> Records for processing:
★ ★ ★

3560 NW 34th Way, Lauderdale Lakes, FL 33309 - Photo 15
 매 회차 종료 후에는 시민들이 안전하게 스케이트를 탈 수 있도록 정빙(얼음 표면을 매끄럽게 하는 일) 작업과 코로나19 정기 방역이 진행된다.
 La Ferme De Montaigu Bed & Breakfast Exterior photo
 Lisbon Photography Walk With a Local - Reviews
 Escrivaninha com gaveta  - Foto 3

★ ★ ★

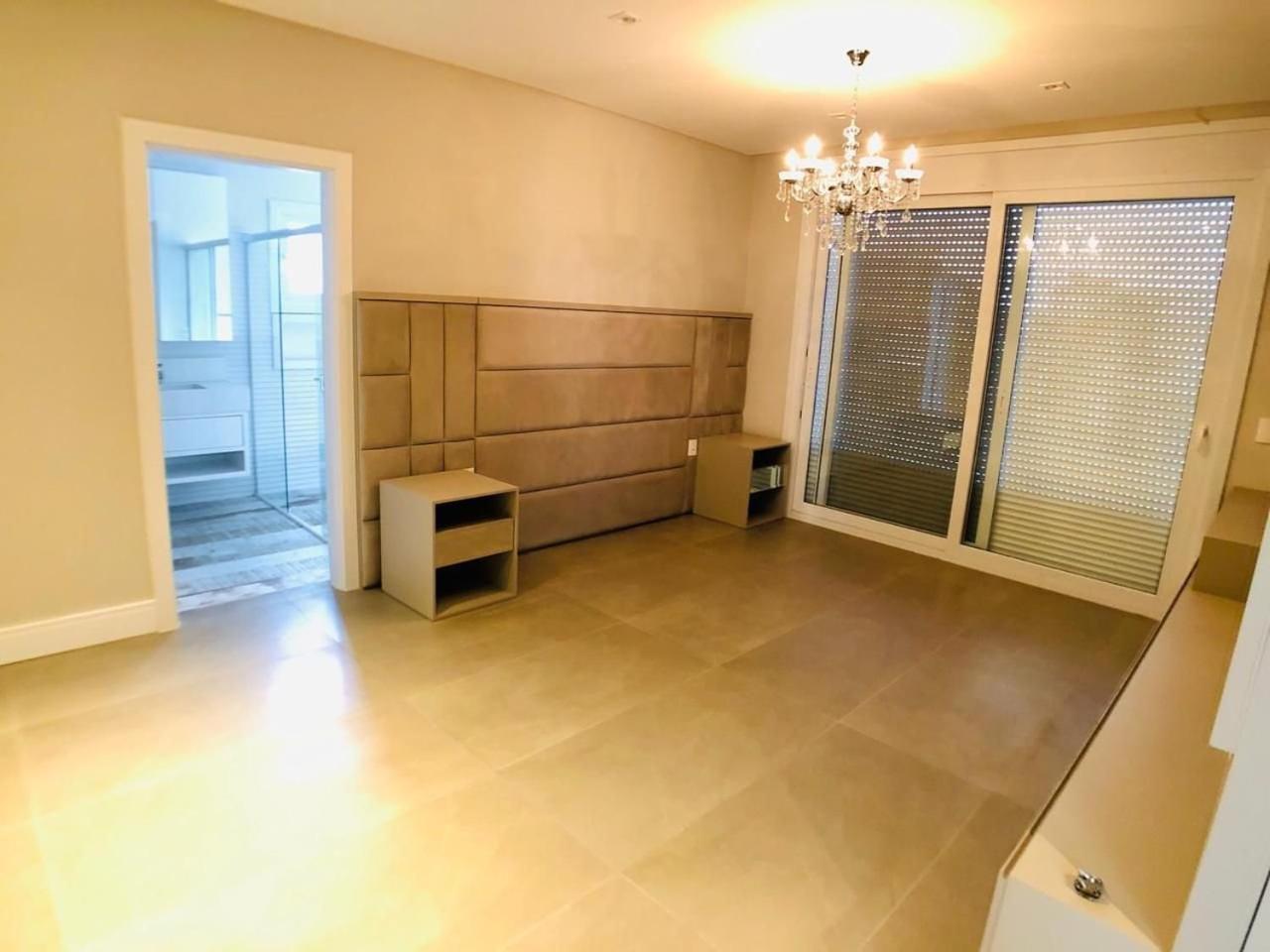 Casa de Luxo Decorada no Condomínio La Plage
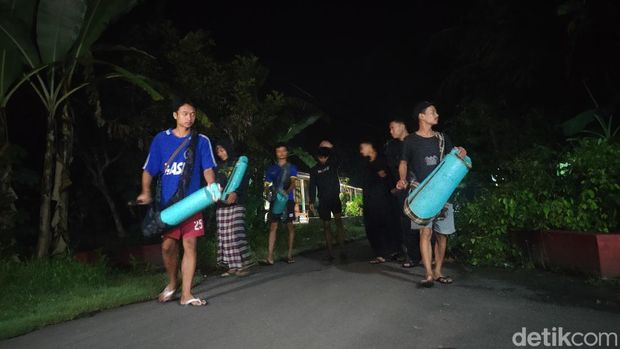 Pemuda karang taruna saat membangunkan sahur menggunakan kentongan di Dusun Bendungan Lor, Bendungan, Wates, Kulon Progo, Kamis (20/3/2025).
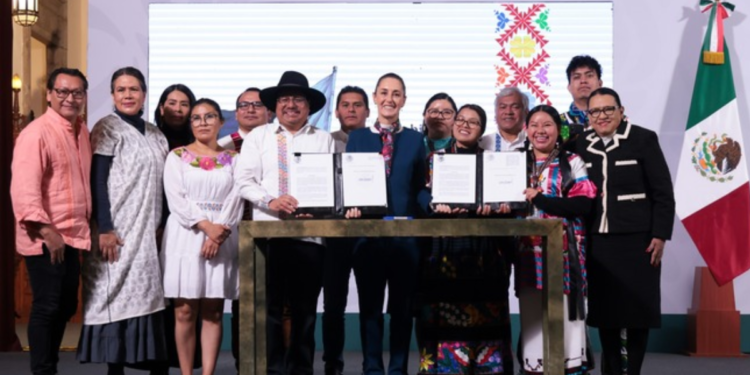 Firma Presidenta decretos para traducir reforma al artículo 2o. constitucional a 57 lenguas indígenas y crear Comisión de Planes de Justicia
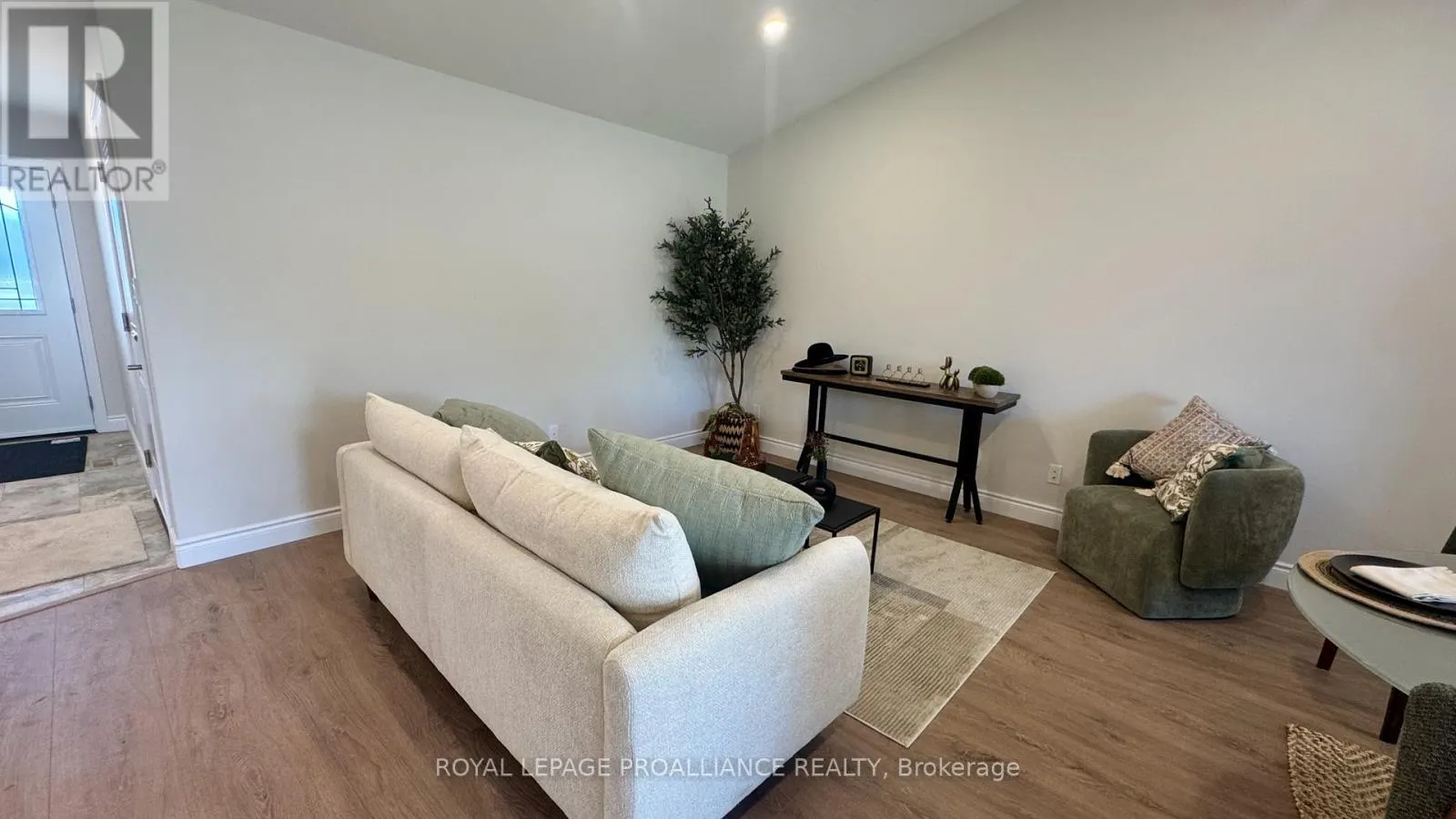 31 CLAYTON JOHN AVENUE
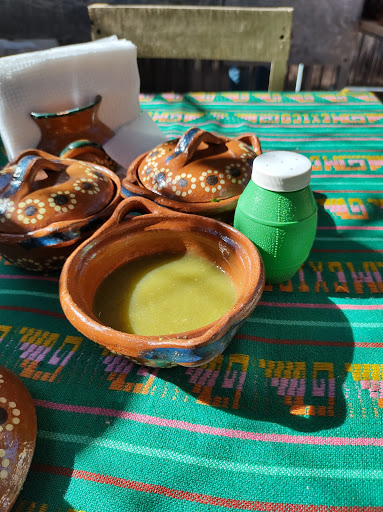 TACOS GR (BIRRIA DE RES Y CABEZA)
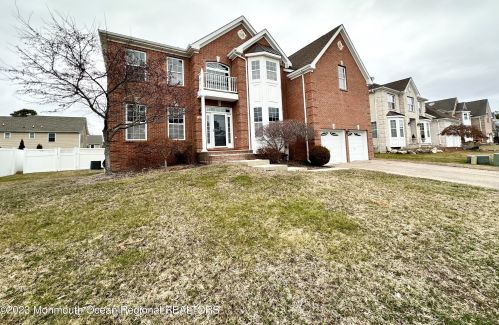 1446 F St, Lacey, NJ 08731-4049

★ ★ ★

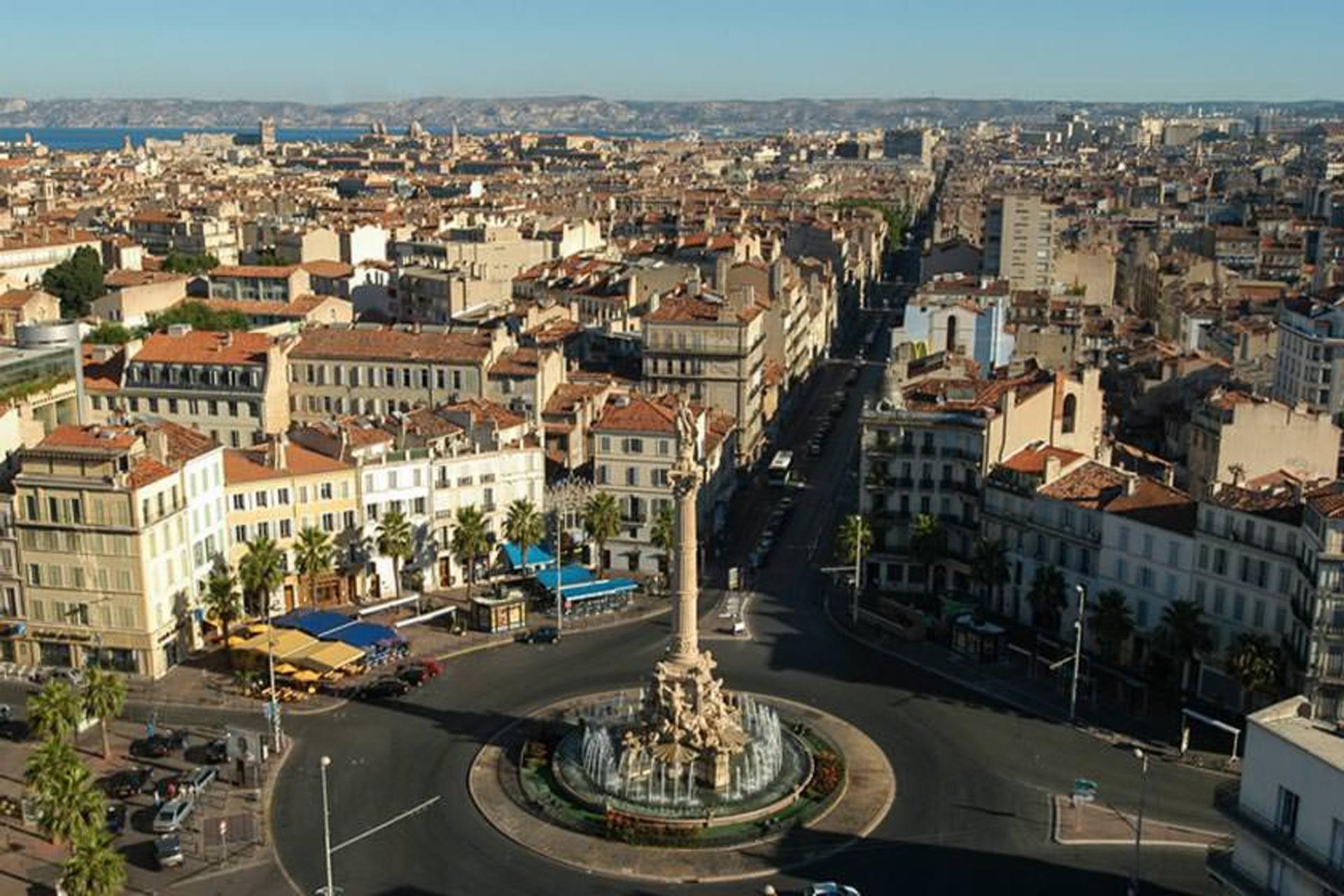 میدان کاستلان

★ ★ ★

> Exercise prompt: From the records above, transcribe exactly the lines starting at the one containing "Firma Presidenta decretos" and ending at the one containing "1446 F St, Lacey, NJ 08731-4049". Skip the pictures.

> Reply to the task:
 Firma Presidenta decretos para traducir reforma al artículo 2o. constitucional a 57 lenguas indígenas y crear Comisión de Planes de Justicia
 31 CLAYTON JOHN AVENUE
 TACOS GR (BIRRIA DE RES Y CABEZA)
 1446 F St, Lacey, NJ 08731-4049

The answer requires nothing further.